In the last two decades, 22 out of 40 leads won for playing biographical roles (55%). Of those 22 roles, eight were political figures (about 36%), such as Helen Mirren’s portrayal of Elizabeth II in The Queen (2006) and Sean Penn’s performance in Milk (2008). Seven of the roles were nonpolitical historical/inspirational figures (about 32%), like Julia Roberts in Erin Brockovich (2000) and Leonardo DiCaprio in The Revenant (2015). Four were musicians (about 18%), two were authors (about 9%), and one was a serial killer.
Between the 72nd Oscars in 2000 and the 81st in 2009, 12 out of 20 lead actors won for playing a real person: five male actors (50% of male winners) and seven female actors (70%).

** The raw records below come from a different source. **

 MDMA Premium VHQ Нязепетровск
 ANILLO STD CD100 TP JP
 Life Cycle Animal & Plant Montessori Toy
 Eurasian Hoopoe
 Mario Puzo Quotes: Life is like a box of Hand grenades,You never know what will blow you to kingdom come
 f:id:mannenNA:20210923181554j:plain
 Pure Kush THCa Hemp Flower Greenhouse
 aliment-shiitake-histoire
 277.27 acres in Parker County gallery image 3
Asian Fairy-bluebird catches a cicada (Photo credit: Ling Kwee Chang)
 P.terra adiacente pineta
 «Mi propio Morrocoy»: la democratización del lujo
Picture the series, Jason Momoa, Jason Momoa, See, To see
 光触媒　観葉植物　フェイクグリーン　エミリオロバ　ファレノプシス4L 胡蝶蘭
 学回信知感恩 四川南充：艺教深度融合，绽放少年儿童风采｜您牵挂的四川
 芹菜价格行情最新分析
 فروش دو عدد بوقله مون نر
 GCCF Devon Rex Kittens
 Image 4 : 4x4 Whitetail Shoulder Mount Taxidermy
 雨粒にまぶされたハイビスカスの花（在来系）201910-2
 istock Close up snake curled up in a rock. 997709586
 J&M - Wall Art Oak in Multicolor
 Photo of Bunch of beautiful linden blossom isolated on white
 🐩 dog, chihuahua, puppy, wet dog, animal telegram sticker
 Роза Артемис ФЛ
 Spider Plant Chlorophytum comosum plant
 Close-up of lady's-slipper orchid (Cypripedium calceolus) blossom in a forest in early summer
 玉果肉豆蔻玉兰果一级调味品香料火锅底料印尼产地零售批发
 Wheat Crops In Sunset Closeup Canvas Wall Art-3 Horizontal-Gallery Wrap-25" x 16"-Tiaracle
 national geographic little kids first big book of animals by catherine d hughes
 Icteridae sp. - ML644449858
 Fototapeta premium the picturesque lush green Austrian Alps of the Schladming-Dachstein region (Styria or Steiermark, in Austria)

Between the 82nd Oscars in 2010 and the 91st in 2019, 10 out of 20 lead actors won for biographical roles. Seven out of the 10 leading men won for depicting a real person (70%). Male winners during the last decade include Rami Malek for Bohemian Rhapsody (2018), Gary Oldman for Darkest Hour (2017), and Daniel Day-Lewis for Lincoln (2012), among others. Only three out of the 10 leading women won for a biographical role (30%). The only women who won for biographical roles were Sandra Bullock (The Blind Side, 2009), Meryl Streep (The Iron Lady, 2011), and Olivia Colman (The Favourite, 2018).
This trend in the last decade suggests that the acting branch of the Academy, which is the branch that votes on acting categories, currently seems to favor fictional leading roles for women and nonfictional ones for men.